Non, je n’en ai plus ! Mais après, ce type d’incident peut toujours m’arriver de nouveau. Je vais prendre le plus de repaires possible dans la piscine, et puis si je jeux être à 100% performant, je ne peux pas avoir d’appréhension. Vous savez, ce qui m’est arrivé aux Jeux n’est pas tabou. Je n’ai aucun mal à en parler. Cela fait partie de ma vie, de mon histoire et n’ai pas besoin de coach mental ni de psy. Après, pour m’aider, j’ai acheté une corde d’escalade de soixante mètres que j’ai essayé de tendre au-dessus de la ligne en extérieur pour avoir plus de repaires afin de nager tout droit.

(KMSP/Stéphane Kempinaire)

Paris 2024, cela trotte déjà dans un coin de la tête ? Vous êtes programmé pour aller chercher une médaille dans deux ans.

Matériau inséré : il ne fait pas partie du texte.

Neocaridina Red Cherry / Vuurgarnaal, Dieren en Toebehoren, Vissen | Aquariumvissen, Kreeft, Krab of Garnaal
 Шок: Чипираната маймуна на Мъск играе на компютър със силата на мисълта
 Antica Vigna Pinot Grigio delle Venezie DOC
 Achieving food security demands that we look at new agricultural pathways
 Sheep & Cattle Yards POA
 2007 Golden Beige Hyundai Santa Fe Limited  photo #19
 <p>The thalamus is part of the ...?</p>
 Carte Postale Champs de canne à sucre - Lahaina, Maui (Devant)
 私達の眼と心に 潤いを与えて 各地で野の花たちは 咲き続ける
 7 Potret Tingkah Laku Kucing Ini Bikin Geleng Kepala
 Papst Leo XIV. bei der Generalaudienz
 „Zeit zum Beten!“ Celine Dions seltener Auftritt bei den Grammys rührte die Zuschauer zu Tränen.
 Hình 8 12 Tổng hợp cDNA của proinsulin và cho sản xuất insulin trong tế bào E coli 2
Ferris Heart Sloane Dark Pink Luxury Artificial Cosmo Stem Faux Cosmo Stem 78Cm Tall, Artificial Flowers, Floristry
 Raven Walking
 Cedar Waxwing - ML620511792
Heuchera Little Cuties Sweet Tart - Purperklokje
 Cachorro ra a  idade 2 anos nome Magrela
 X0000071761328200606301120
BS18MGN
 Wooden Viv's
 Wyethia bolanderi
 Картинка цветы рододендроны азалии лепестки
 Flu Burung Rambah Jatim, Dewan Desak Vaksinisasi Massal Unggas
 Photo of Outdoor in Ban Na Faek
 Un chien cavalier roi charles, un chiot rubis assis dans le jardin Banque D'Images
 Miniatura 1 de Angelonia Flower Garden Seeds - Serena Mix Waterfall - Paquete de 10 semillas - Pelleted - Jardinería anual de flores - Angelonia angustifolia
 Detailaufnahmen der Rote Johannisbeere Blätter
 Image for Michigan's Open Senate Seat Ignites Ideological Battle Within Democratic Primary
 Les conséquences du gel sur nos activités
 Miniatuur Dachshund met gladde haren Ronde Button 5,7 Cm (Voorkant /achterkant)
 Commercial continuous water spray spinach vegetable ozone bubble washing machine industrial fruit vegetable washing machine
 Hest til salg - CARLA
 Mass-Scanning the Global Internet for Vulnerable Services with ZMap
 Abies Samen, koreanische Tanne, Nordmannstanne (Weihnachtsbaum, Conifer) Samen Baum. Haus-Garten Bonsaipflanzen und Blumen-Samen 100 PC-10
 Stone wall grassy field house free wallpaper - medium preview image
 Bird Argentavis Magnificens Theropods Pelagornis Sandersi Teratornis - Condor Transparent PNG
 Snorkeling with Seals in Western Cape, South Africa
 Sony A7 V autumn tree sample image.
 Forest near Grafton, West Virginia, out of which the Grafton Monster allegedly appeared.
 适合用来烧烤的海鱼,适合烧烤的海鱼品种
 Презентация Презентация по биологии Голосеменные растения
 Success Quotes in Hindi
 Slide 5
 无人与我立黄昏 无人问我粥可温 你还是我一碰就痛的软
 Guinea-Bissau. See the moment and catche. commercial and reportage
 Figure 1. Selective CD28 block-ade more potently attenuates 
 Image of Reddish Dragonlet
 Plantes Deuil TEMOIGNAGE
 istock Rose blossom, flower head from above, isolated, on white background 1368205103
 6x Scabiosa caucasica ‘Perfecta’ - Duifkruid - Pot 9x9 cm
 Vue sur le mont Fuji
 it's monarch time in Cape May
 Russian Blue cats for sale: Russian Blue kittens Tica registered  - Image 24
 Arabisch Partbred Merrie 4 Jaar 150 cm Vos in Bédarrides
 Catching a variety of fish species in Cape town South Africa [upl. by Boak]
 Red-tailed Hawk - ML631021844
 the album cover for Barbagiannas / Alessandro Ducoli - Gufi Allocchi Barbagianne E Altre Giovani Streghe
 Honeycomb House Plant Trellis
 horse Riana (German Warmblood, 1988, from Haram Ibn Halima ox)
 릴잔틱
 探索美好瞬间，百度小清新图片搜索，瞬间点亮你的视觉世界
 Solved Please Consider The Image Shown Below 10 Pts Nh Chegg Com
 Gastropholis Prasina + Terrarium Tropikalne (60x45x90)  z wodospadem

Ah oui, après ma disqualification de Tokyo, ce serait une belle histoire d’aller chercher la médaille. Au Japon, j’ai été disqualifié car je suis reparti sur le ventre après avoir tapé dans le mur. Désormais, je m’entraîne le mieux possible avec cet objectif en tête. Mais bon, je ne rêve pas de médaille la nuit non plus. La médaille aux Jeux, ce n’est pas l’objectif de ma vie, mais plus d’avoir un accomplissement personnel. Je ne m’en voudrais pas toute ma vie si je repartais de Paris sans médaille. Mais je m’entraîne au quotidien avec cet objectif en ligne de mire, c’est sûr !

En or ?

Le titre serait magnifique. Mais pour rester objectif, je n’ai aujourd’hui pas le niveau pour être champion olympique. En revanche, je me rapproche de plus en plus du niveau pour aller chercher une médaille dans deux ans.